Gforth — GNU Forth for Android

Project goal is to use Gforth as programming system on Android.

Project Status

  • There is Gforth in Play Store, installable on Android 4.0 (Android 2.3 support dropped on 2018-03-31) or later (native activity)
  • This has a OpenGL terminal emulation and allows remote telnet on port 4444 after you type in t and return.
  • It recognizes touches, and the menu button/softkey toggles the software keyboard
  • If the font is too small/large, use gl-fscale ( r – ) with a float number as scale factor (<1 makes the font smaller, >1 bigger). Example: 3e gl-fscale makes the font three times larger, 0.5e gl-fscale smaller by a factor of two.

Starting the app first time unpacks the Gforth sources to the SD card. That's a few megabytes, and therefore it takes its time. Gforth shows a spinning wheel while it's doing so, but can't respond to any input events.
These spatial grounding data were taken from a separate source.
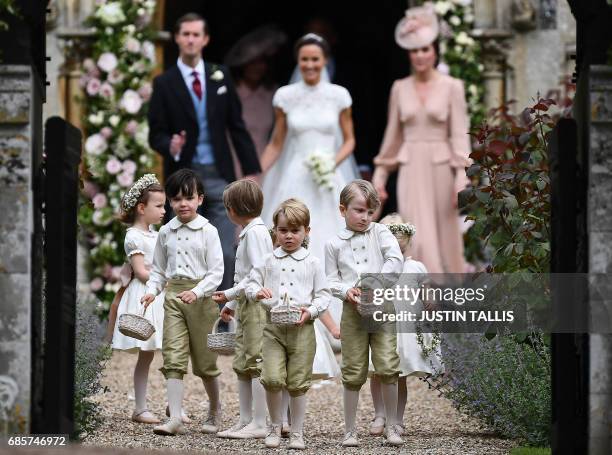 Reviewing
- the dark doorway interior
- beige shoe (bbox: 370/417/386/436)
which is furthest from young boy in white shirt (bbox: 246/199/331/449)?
the dark doorway interior

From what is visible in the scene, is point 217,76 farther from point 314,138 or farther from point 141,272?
point 141,272

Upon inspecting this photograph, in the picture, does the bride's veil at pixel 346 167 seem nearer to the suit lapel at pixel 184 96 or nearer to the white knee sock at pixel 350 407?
the suit lapel at pixel 184 96

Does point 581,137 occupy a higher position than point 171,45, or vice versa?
point 171,45

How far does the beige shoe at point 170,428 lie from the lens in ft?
25.8

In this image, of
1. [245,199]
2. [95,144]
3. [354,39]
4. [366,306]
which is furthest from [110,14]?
[366,306]

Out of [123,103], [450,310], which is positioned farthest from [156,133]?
[450,310]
If the spinner shows you “Done; restart Gforth” for a while, you should kill and restart Gforth - it got stuck. If you still have problems, there's a gfortherr.log and a gforthout.log in /sdcard, which might provide more diagnosis.

The terminal uses a fragment shader, which implements a colored ASCII terminal - it uses two textures, one with the character set, and another with the characters and colors. An update of the terminal screen therefore only takes a few milliseconds - just like it used to be with in text mode. This has been tested with several really cheap phones with awful OpenGL implementations, so it should work on yours, too.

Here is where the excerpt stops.